Ask Joel IT: The Big Deal with Big Data!

I pre-date the relational database management system world (RDBMS), having been weaned on things you may never heard of, like ISAM (indexed-sequential access method). So, I have to admit that I was a little skeptical about the NoSQL world. It sounded a lot to me like ISAM, and why go backwards? But it is not fair to dismiss something out of hand so of course I had to investigate these NoSQL databases. And while I do not believe at all that the days of RDBMS are numbered as some folks say, I do believe that NoSQL has its place. To understand why, you need to know the terrain.

Onwards to RDBMS

In a simple view of the early days we basically used a sequential table of records. Most of the time the records were fixed length, reading the whole set sequentially was fast, and we used indexes to quickly locate a record based on a key. Does any of that sound familiar? Need to look up records by more than one field? Add an index! When you need to sort the records faster you pick an index and sort that instead of the table itself. An example of a single-index product still prevalent is Ken Thompson's dbm, which was included with Unix in 1979. I would provide a citation, but it would be myself because I first came across it when I upgraded to Unix Version 7.

So a relational database is a natural extension to the "single-table" model. It has multiple indexed tables, an engine that translates structured query language (SQL) into a plan of execution to return information, and allows merging of data from multiple tables into one result. The real advantages of RDBMS are that we are able to look at the same data in different ways for different applications, and the joins between tables allow us to avoid data duplication. In fact, RDBMS came about because we were already trying to use single-file "tables" and indexes together but we were doing all the work in our applications. Look behind the scenes in your RDBMS and many of them still manage individual files for each table and index. I found the shift to RDBMS simple, because for me what it initially did was move all that yucky code into the database engine.

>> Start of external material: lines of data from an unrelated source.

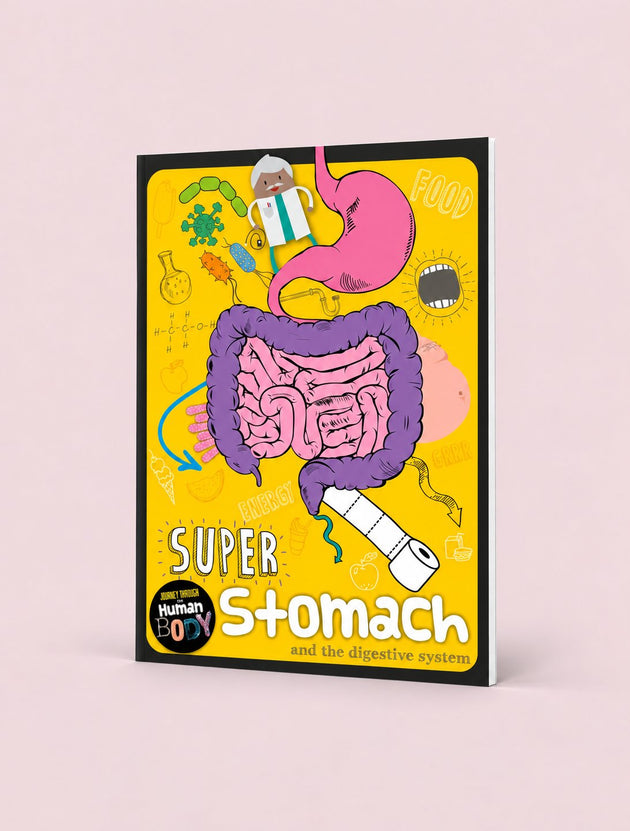 A children's educational book titled 'Super Stomach and the digestive system' by Human Box, featuring a bright yellow cover with cartoon illustrations of a pink stomach and purple intestines, shown standing upright on a light pink background.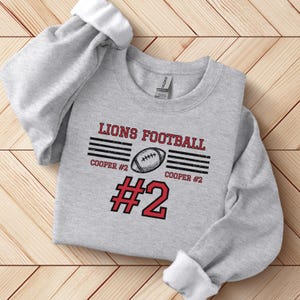 Custom Football Team Name & Number Sweatshirt Football Mom Shirt Football Team Shirt Gift for Mom High School Football Season Spirit Shirt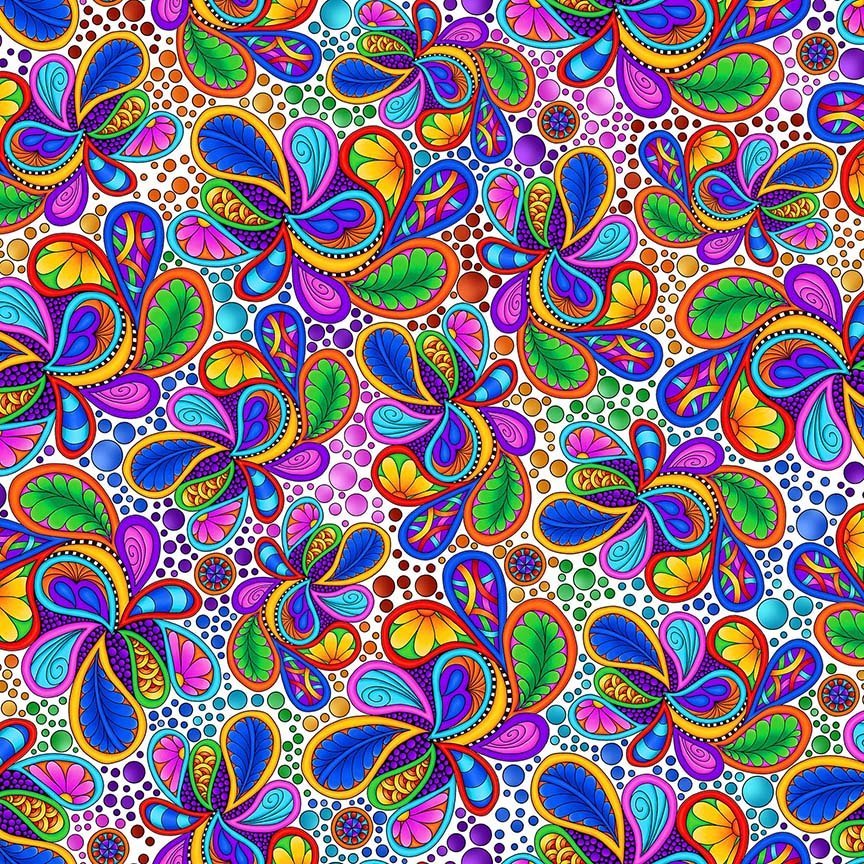 White Carnivale Packed Paisleys Cotton 43"/44" Fabric Per Yard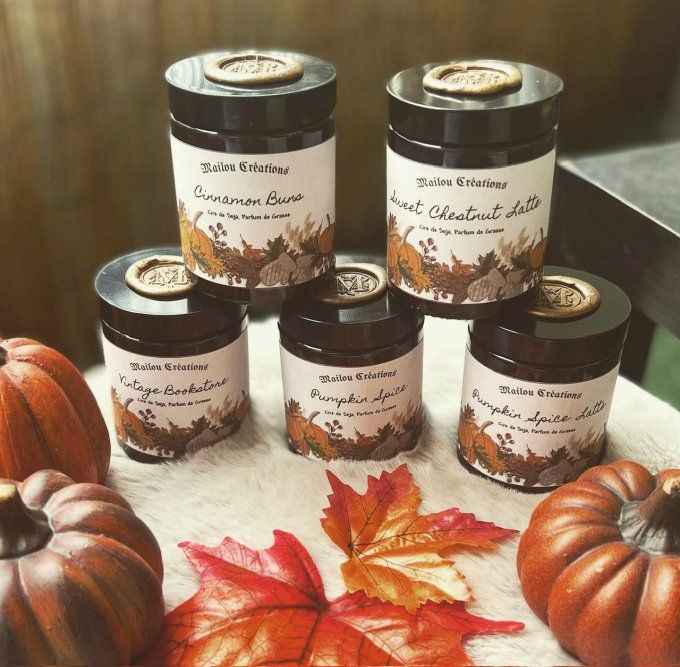 Bougie ambrée avec seau de cire "Le temps d'un automne"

Imagine that I have an application organizing events at different venues. Each event takes place at at a single venue, and each venue can host many events. RDBMS allows me to separate the events and the venues, and quickly return results for queries like "show me all the events at this venue" or "what venue is this event at?" Of course the tables have to be structured to do this, maybe something like this entity relationship diagram (ERD) shows, where one venue may be associated with many events:

Separating the events and venues makes complete sense; a venue is not part of an event nor is an event part of a venue. To be fair the reason the queries work well here is because they use indexes. The Events table has a foreign key dependent on the Venues table, and a foreign key is always an index. If that index is not there full table scans (a visit to every record in both tables) will be required to put the results together.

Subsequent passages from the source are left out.